People make zombies. No matter what else is in the mix, without people there can be no walking dead trying to hunt and eat other people. This seems like a simple concept, but it’s too often overlooked when developing survival strategies for a zombie outbreak. The best advice for increasing your odds of staying alive, and the first thing to consider when developing a survival plan, is to keep away from people. No people means no zombies.

With that in mind banding together in large groups is a bad idea. Finding refuge in any densely populated area, such as government camp, city building, or military base, is a recipe for disaster. In fact, the classic cinematic image of a hoard of zombies attacking a few people in an abandoned farmhouse presents exactly the wrong impression.

Abandoned farmhouses have two major advantages built right into the name: 1) they’re abandoned – meaning no people, and 2) they’re on a farm – meaning a large plot of open land that provides good visibility and further decreases the likelihood of any other people being around. Not to mention the potential for growing food, and accessing an independent water supply.

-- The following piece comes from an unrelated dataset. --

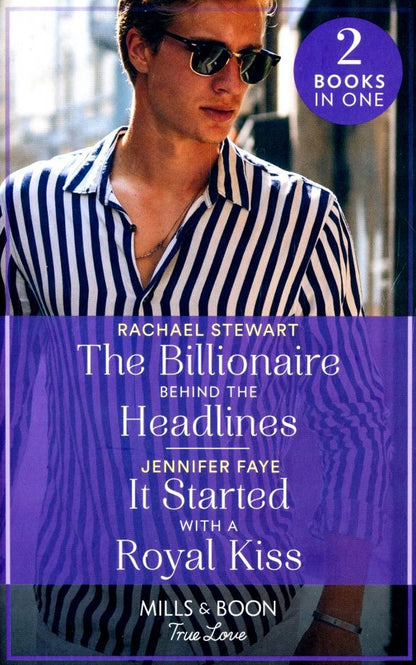 Jennifer Faye: The Billionaire Behind The Headlines. It Started With A Royal Kiss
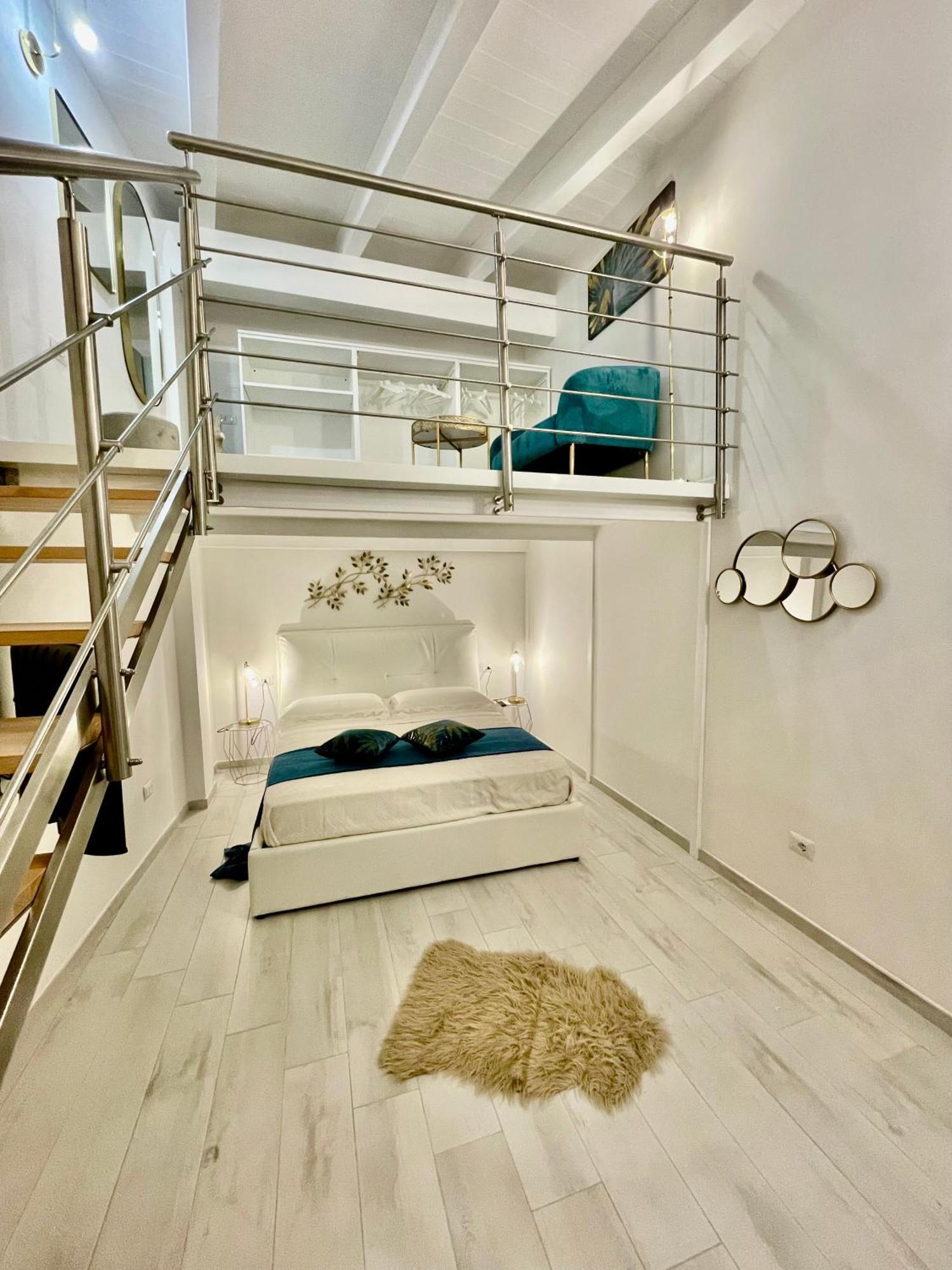 Apartment Rachele Boutique *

Healthy people can also turn out to be a serious threat, stealing your food and gear, or causing you great physical harm. So when the zombie crap hits the proverbial fan, try to get as far away as possible from pretty much everybody else on the planet. It may quite literally be the difference between life and death.


  1. so true, the thing that “28 weeks later” and “Land of the Dead” did well was how fast things can go downhill when a populated place has no real plan for a walking/running outbreak.

    So if the zombie show up, and you movie to a new place that has a lot of people there, and it has not started doing a zombie drill by the time you get there, plan on moving on. When you have a large group of people, they need to know what they need to do when a disaster happens, if they don’t, the will just do what they think they should do, or what they want to do, and soon after panic.

    Smaller groups tends to be more flexible, and it becomes easier to see when a problem is forming among the group. Also, as a smaller group, when you meet other groups, you just become two/three groups, so when something happens you just stick with your group, and move one when it’s time.

  2. Being solo can’t be good either. What is an optimal group size for survival?

    • The ideal group size can change depending on your needs and ability. But a rough number of something like 4 or 5 would be a safe bet. Enough people to help collect food, water and supplies, and also keep watch at night, but not so many that factions will develop.

    • Jason A. Martin

      I agree that you want to keep your group small and flexible (I’d have said more than four or five… hell, that wouldn’t even cover all of my kids!), but wouldn’t something the size of a modern military squad be feasible? Say… a dozen members?